116 3rd St SE
Cedar Rapids, Iowa 52401
AMES — Iowa State is ranked in the Associated Press poll for the first time since 2005. Coach Matt Campbell could not care less.
'I had no reaction,' Campbell said. 'I think it is what it is.'
He said those are things you want to be in and pay attention to at the end of the season. Right now, it doesn't mean much.
'I think the reality of it is that's what makes college football really hard — and that's why people don't stay in that poll — because they do react to it and they have reactions to it,' Campbell said.
The polls are great for the fans and the school because it brings attention to Iowa State, but for Campbell and his football team, polls are meaningless.
Old faces back again
Ever since Campbell was hired to be Iowa State's head coach, he has embraced the past and welcomed back former coaches and players.
This week, former coaches Dan McCarney (1995-2006) and Johnny Majors (1968-72) will be back in Ames.

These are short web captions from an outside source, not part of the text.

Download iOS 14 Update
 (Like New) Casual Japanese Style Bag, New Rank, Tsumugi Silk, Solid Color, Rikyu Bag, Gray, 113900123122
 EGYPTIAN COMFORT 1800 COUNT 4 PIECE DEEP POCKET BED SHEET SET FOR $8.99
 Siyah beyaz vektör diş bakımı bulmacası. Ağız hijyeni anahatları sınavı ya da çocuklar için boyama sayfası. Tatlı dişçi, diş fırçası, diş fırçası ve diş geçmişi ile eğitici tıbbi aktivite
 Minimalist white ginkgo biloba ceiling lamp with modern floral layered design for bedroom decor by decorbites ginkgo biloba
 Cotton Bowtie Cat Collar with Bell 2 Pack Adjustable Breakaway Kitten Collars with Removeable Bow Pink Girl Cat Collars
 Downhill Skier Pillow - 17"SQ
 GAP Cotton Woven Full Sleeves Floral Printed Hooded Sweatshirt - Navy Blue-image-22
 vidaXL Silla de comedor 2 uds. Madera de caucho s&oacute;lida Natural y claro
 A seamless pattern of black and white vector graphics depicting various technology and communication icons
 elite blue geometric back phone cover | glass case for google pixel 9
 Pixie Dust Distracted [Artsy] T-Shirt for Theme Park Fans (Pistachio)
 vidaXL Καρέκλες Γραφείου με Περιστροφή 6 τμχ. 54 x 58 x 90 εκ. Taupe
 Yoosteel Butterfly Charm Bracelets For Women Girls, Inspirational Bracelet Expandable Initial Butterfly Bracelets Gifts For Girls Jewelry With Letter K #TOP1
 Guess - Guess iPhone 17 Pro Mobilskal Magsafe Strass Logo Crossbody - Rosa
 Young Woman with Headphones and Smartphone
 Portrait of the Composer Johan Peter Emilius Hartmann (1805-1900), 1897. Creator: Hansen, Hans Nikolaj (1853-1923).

'It's great to have people that have been in the foundation of true success here,' Campbell said. 'It's so great for our kids to have coaches that come back around and certainly players that come back around because it reminds them of where they want to be and where they want to have a chance to finish.'
What makes these two coaches stand out is they didn't have success for just six or seven games, they sustained success for years.
Majors has the seventh-most wins in Iowa State history despite coaching just five seasons. He also holds the distinct honor of taking Iowa State to its first bowl game.
McCarney led Iowa State to five bowl games, more than any other coach in school history and his 56 wins are the most in school history.
'They're great mentors to all of us and I'm just excited to have great coaches like that back around our football program,' Campbell said.
Situational football key to Iowa State's success
Iowa State practices situational football a lot. Campbell said as small as Iowa State's margin for error is, it has to be great at situational football.
Fourth down conversions and red-zone offense have been bright spots this year.
The Cyclones are 8-of-11 on fourth downs and 28-of-31 on red-zone scores.
Campbell tries to mesh the emotion and flow of the game with the analytical part to determine whether or not Iowa State goes for it on fourth down like it did in a key spot early in the game against Texas Tech.
'Stress, that's what goes into that,' Campbell said of the decisions on fourth down. 'I think the biggest thing that we try to do and I try to do — we do talk about it, there are some percentages and there are some analytics to some of that — but I think so much of it is really just a gut feeling. What's the flow of the game?'
Campbell has less stress in the red zone. In fact it's usually the opposing team's coach who starts to stress because Iowa State has so many playmakers.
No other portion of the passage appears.